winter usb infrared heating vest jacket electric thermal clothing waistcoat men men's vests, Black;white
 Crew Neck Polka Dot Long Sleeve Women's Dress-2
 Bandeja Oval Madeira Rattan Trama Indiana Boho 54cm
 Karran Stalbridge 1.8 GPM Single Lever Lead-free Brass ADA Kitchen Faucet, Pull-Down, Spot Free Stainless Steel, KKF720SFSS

──────

> _Exercise goal_:
Your job is to set down the whole listing a second time, exactly.

> _Result for this task_:
winter usb infrared heating vest jacket electric thermal clothing waistcoat men men's vests, Black;white
 Crew Neck Polka Dot Long Sleeve Women's Dress-2
 Bandeja Oval Madeira Rattan Trama Indiana Boho 54cm
 Karran Stalbridge 1.8 GPM Single Lever Lead-free Brass ADA Kitchen Faucet, Pull-Down, Spot Free Stainless Steel, KKF720SFSS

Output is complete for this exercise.